── Record set ──

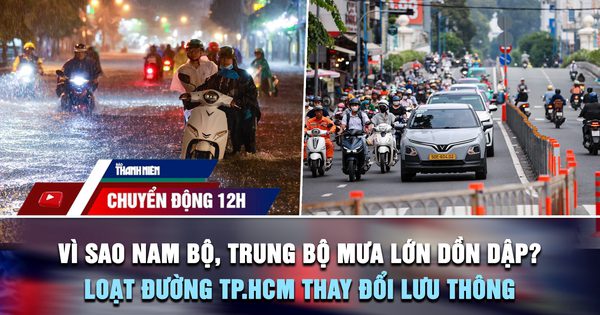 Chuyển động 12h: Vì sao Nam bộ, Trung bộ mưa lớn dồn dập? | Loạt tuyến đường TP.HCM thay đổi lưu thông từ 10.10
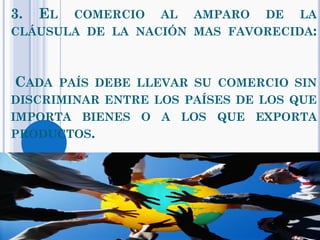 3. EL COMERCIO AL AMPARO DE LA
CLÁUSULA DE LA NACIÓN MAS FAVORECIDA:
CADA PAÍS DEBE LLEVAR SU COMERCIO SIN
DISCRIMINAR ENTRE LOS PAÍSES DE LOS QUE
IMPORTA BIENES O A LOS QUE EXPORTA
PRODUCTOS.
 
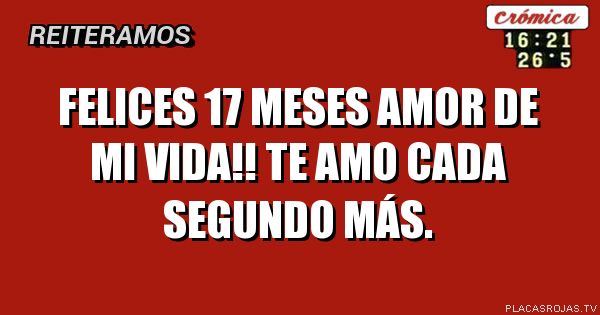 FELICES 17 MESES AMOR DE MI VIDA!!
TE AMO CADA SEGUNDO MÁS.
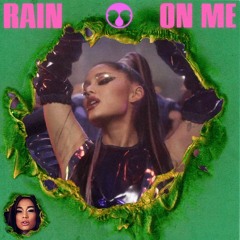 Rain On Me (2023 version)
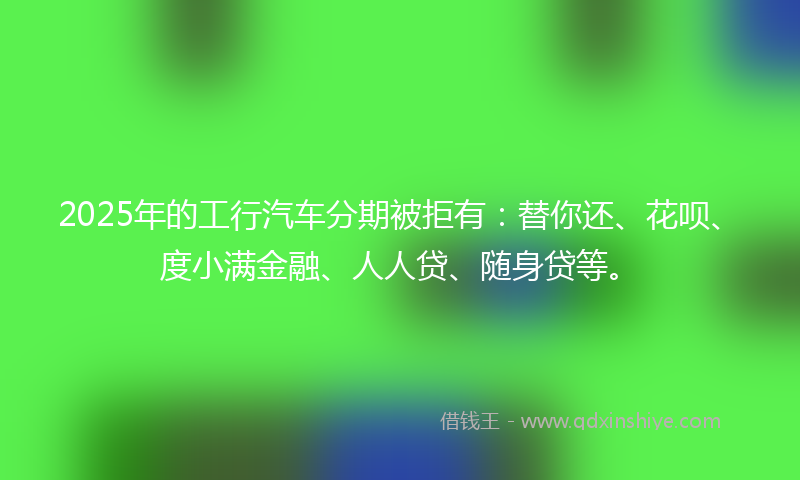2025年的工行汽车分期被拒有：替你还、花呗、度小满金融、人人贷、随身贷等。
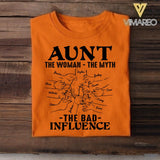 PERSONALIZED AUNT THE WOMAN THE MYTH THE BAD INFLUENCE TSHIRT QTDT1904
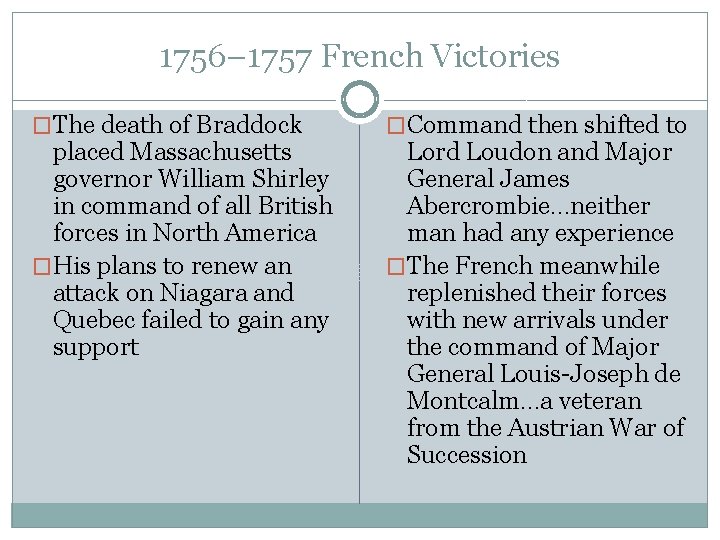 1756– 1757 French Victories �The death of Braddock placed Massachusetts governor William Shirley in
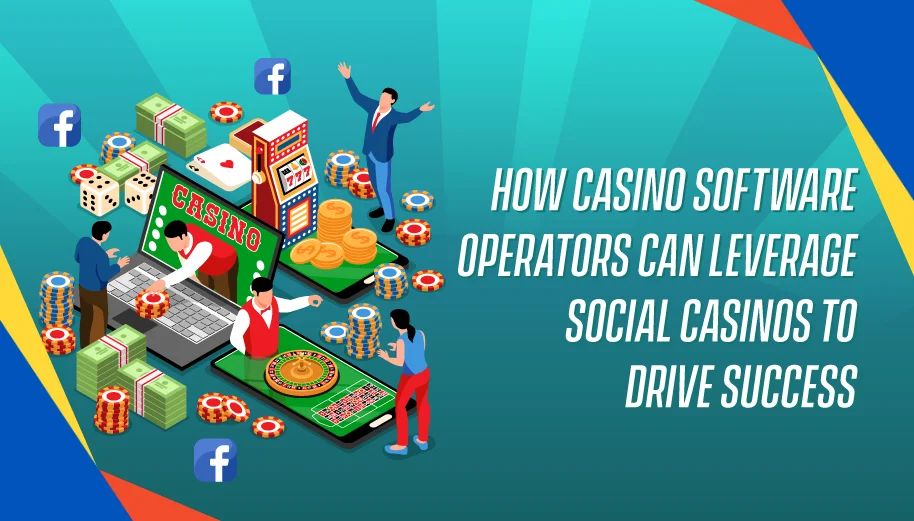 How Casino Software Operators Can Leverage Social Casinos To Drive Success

───

Description of the task — Return nothing except the lines from the one containing "FELICES 17 MESES AMOR DE MI VIDA!!" through the final line of the data, copied exactly. Leave out all pictures.

Response to the exercise —
 FELICES 17 MESES AMOR DE MI VIDA!!
TE AMO CADA SEGUNDO MÁS.
 Rain On Me (2023 version)
2025年的工行汽车分期被拒有：替你还、花呗、度小满金融、人人贷、随身贷等。
 PERSONALIZED AUNT THE WOMAN THE MYTH THE BAD INFLUENCE TSHIRT QTDT1904
 1756– 1757 French Victories �The death of Braddock placed Massachusetts governor William Shirley in
 How Casino Software Operators Can Leverage Social Casinos To Drive Success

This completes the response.